Astrobiologia e a exploração dos confins da Terra
Um dos méritos da astrobiologia é ter inspirado, em grande medida, o desejo de explorar nosso próprio planeta. Isso com a esperança de compreender por analogia a operação da vida em outros ambientes.
Por exemplo, o estudo das fontes hidrotermais no fundo do oceano nos permitiu observar, pela primeira vez, vida não associada à fotossíntese. Ou seja, esses estudos nos mostraram que pode haver sistemas em que a vida não dependa da luz solar, o que sempre foi considerado um requisito indispensável.
Isso nos permite supor possíveis cenários para a vida em planetas onde se encontra água líquida, mas sob espessas camadas de gelo, o que impediria a chegada de luz aos organismos.
Outro exemplo é o estudo dos vales secos da Antártica. Lá eles obtiveram bactérias fotossintéticas que sobrevivem abrigadas dentro de rochas (bactérias endolíticas).
Nesse caso, a rocha serve tanto de suporte quanto de proteção contra as condições adversas do local. Essa estratégia também foi detectada em salinas e fontes termais.
Figura 10. Vales secos de McMurdo na Antártica, um dos lugares da Terra mais semelhantes a Marte. Fonte: Departamento de Estado dos Estados Unidos, via Wikimedia Commons
Perspectivas da astrobiologia
A busca científica por vida extraterrestre não teve sucesso até agora. Mas está se tornando mais sofisticado à medida que a pesquisa astrobiológica produz novos insights. A próxima década de exploração astrobiológica verá:
- Maiores esforços para explorar Marte e as luas geladas de Júpiter e Saturno.
- Uma capacidade sem precedentes de observar e analisar planetas extrasolares.
- Maior potencial para projetar e estudar formas de vida mais simples em laboratório.

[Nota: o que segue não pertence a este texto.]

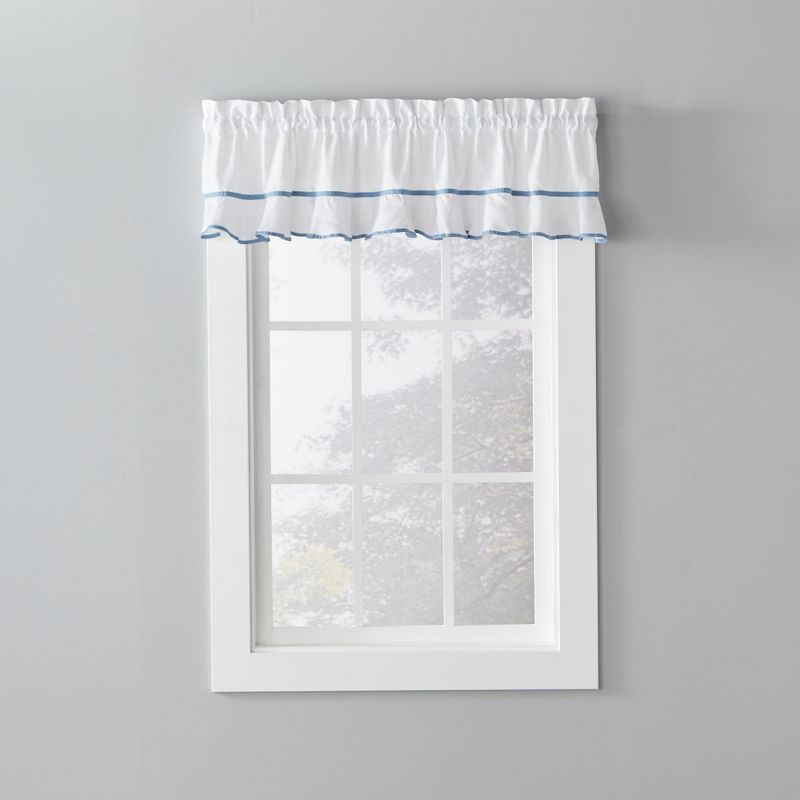 Saturday Knight Ltd Delaney Woven Window Valance With 1.5" Rod Pocket - (58"x13") in Smoke Color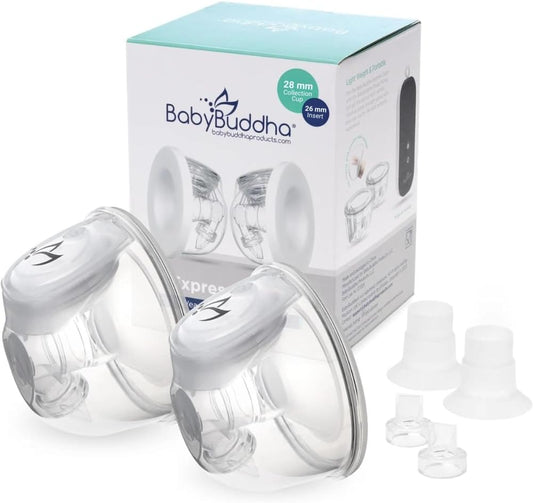 BabyBuddha Tazas de Recolección de Leche Manos Libres para Sacalech...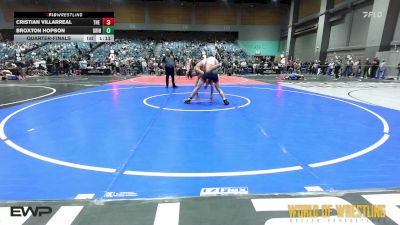 145 lbs Quarterfinal - Cristian Villarreal, The Snake Pit Wrestling vs Broxton Hopson, Grindhouse
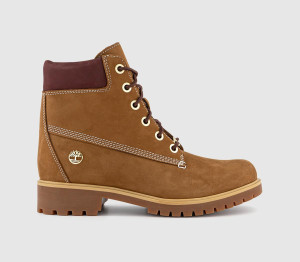 Timberland Womens Lyonsdale Boots Medium Brown Burgundy Nubuck, 6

Todos esses avanços sem dúvida aumentarão nossa probabilidade de encontrar vida em planetas como a Terra. Mas talvez a vida extraterrestre não exista ou esteja tão dispersa pela galáxia que quase não temos chance de encontrá-la.
Mesmo que o último cenário seja verdadeiro, a pesquisa em astrobiologia amplia cada vez mais nossa perspectiva da vida na Terra e seu lugar no universo.